Fiz um hard reset ao telemóvel que andava lento por estar mais cheio de porcaria que um glutão num buffet. Certifiquei-me que os contatos e fotos estavam sincronizados e que não ia perder nada importante. Com a conta Google sincronizada até as apps voltam a ser instaladas sem ter de fazer nada, embora, claro, se não forem de login, percam a informação anterior que não foi guardada.
Esqueci-me do Bloco de Notas. Com notas preciosas. Textos, listas, excertos, dicas, receitas, nomes, sugestões de prendas. Coisas a fazer, a escrever, a lembrar, informação sobre em que botão da campainha tocar quando visitamos cada amigo e voltamos a perguntar-nos se era esquerdo ou direito...enfim. Coisas que nem me lembro - era por isso que estava lá. Uma vida (pronto, dois anos). Chorem comigo.
*Sim, tenho outros - muitos - de papel mesmo. Mas este estava sempre na ponta dos dedos.
Queria escrever. Iamos a meio de um passeio e lembrei-me de coisas que queria escrever. Precisava registar para mais tarde e as palavras eram algumas, o telemóvel não dava. Tinha uma caneta e nenhum sítio onde assentar as frases que já me estavam a querer fugir. Entramos os dois numas quantas lojinhas daquele sítio que não conhecíamos assim tão bem, mas em nenhuma havia cadernos.
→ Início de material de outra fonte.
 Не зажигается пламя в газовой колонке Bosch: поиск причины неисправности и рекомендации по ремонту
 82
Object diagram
Sentamo-nos numa esplanada à beira-mar, a beber uma água fresca (fosse eu uma blogger in, e poderia muito bem ser un gin). Avistei uma espécie de banca de artesanato que talvez fosse a minha salvação. Pedi licença e fui espreitar. Nada onde se pudesse escrever - só postais. Voltei ao meu lugar. Estava oficialmente de birra. Não me apetecia conversar, nem nada. Só escrever e não tinha solução. Abandonei-me ao mau feitio. Fiz que tinha cinco anos e não queria saber. De nada.
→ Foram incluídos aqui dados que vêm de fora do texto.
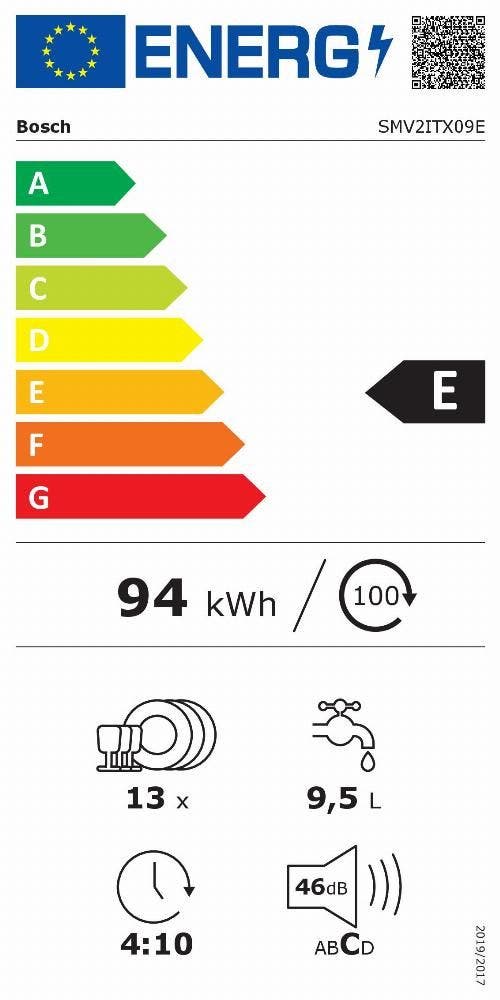 Energy Label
Levanta-se o Moço e desaparece por uns minutos. Eu fico a ler, contrariada. Quando reaparece tem um bloco de notas. Pequenino. Perfeito.
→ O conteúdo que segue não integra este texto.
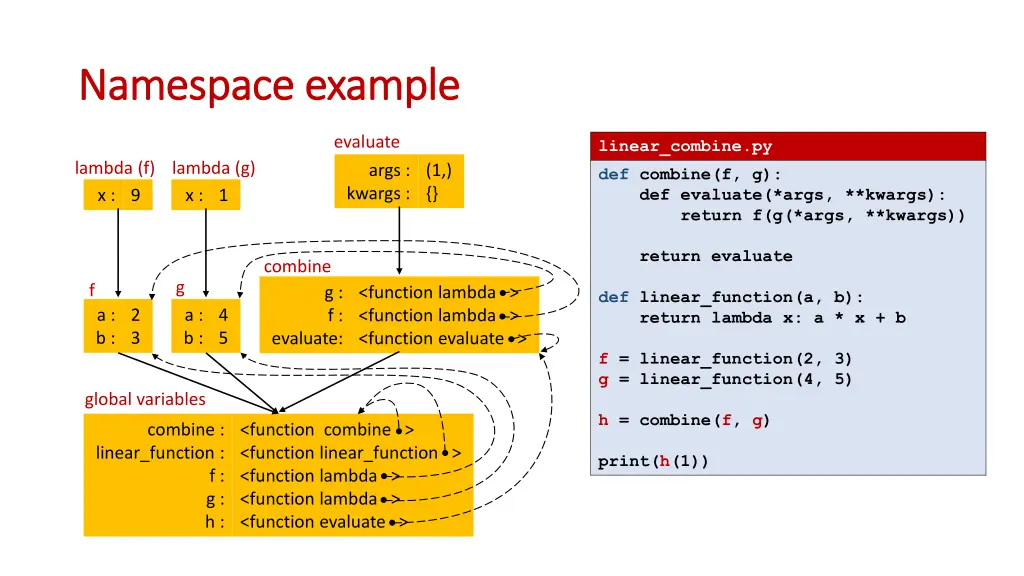 namespace example namespace example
E ocorre-me que eu não sou assim. Que sou controlada. Que não me largo simplesmente aos problemas. Que sou uma solucionadora, que me desenrasco, que vejo o lado melhor e me adapto. Ocorre-me que a birra que faço, como se tivesse cinco anos, só a faço ao pé dele. Como talvez fizesse em pequena, ao pé dos meus pais. Ocorre-me que me sinto protegida, que sei que ele toma conta de mim. Que faço cara feia por ter a certeza que ele me arranca um sorriso a seguir. Ocorre-me a sorte que tenho por me poder dar ao luxo de fazer birras.